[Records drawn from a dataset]
□ □ □ □

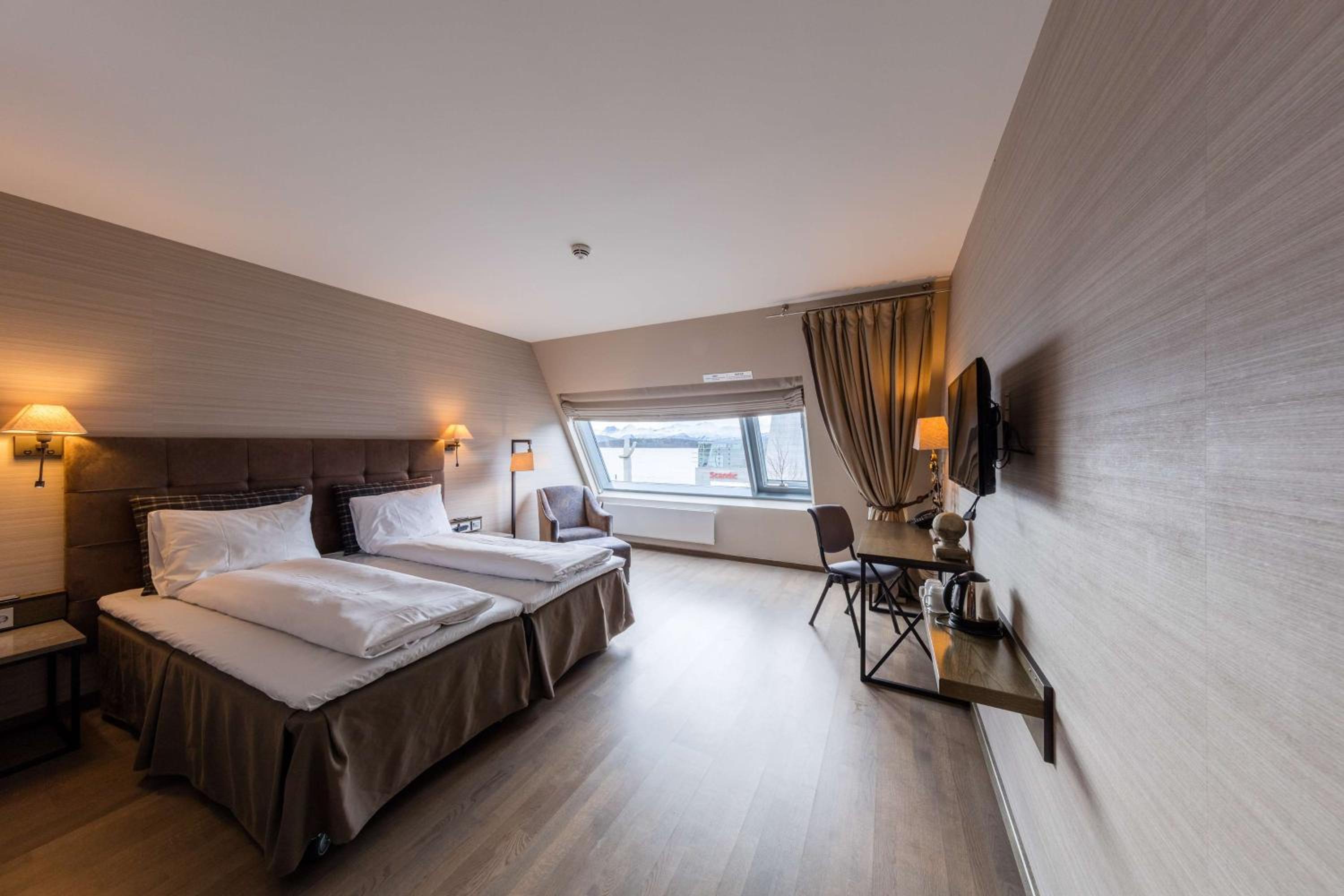 King Room - Photo 4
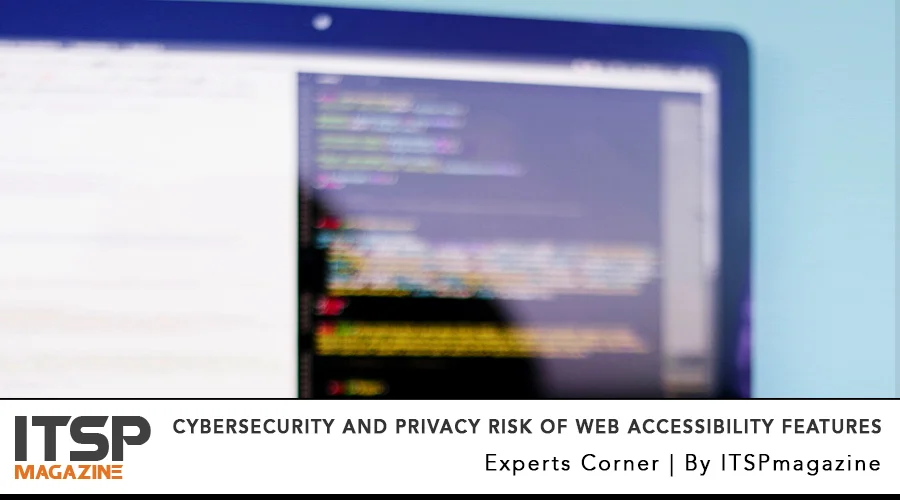 Cybersecurity And Privacy Risk Of Web Accessibility Features.jpg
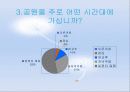 공원녹지와 여성 9페이지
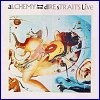 Dire Straits - Alchemy - Dire Straits Live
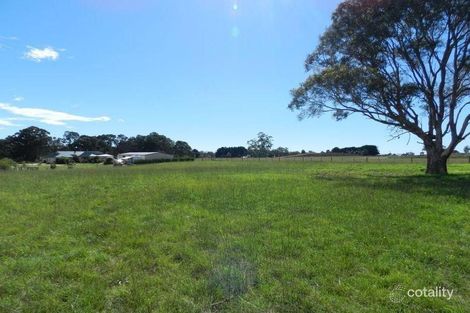 25 Harrys Lane, Eagle Point, VIC 3878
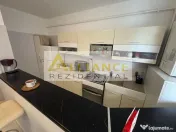 {Metrou Aparatorii Patriei } Apartament 2 camere 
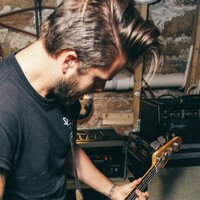 Anto Boros (@antoboros) 's Twitter Profile Photo Anto Boros (@antoboros) 's Twitter Profile Photo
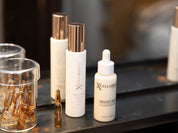XCellarisPRO High Light Serum Ampules 7 x 2ml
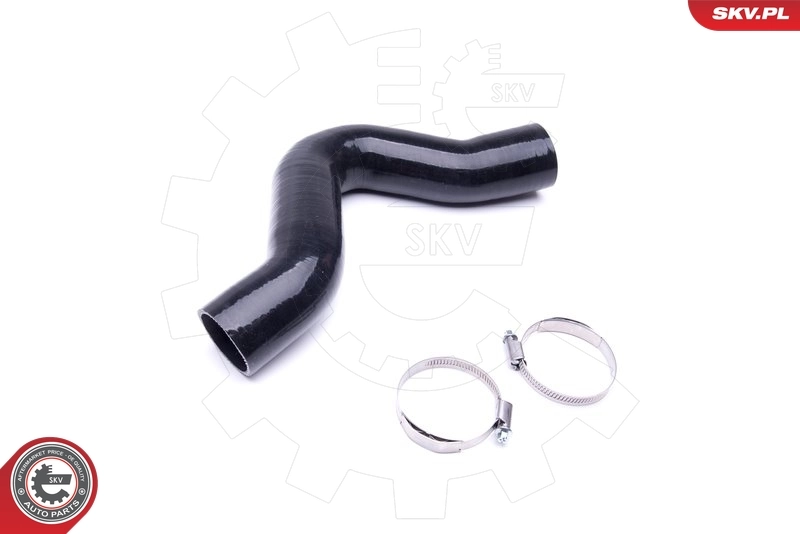  SKV 43SKV310 ціна, від 63.67 USD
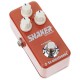 PROCESOR CHITARA TC ELECTRONIC SHAKER MINI VIBRATO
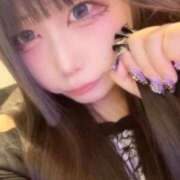 ヒメ日記 2026/03/17 17:32 投稿 神南 BBW鶯谷店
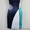 Продажа платьев в Днепропетровске по доступным ценам - <ro>Изображение</ro><ru>Изображение</ru> #6, <ru>Объявление</ru> #1045314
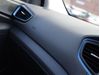 Hyundai Ioniq 1.6 GDi Hybrid Premium SE 5dr DCT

□ □ □ □

Wherever an image appears, omit it; copy the rest of the records exactly.

## Expected output
 King Room - Photo 4
 Cybersecurity And Privacy Risk Of Web Accessibility Features.jpg
 공원녹지와 여성 9페이지
 Dire Straits - Alchemy - Dire Straits Live
 25 Harrys Lane, Eagle Point, VIC 3878
 {Metrou Aparatorii Patriei } Apartament 2 camere 
 Anto Boros (@antoboros) 's Twitter Profile Photo Anto Boros (@antoboros) 's Twitter Profile Photo
XCellarisPRO High Light Serum Ampules 7 x 2ml
  SKV 43SKV310 ціна, від 63.67 USD
 PROCESOR CHITARA TC ELECTRONIC SHAKER MINI VIBRATO
 ヒメ日記 2026/03/17 17:32 投稿 神南 BBW鶯谷店
 Продажа платьев в Днепропетровске по доступным ценам - <ro>Изображение</ro><ru>Изображение</ru> #6, <ru>Объявление</ru> #1045314
 Hyundai Ioniq 1.6 GDi Hybrid Premium SE 5dr DCT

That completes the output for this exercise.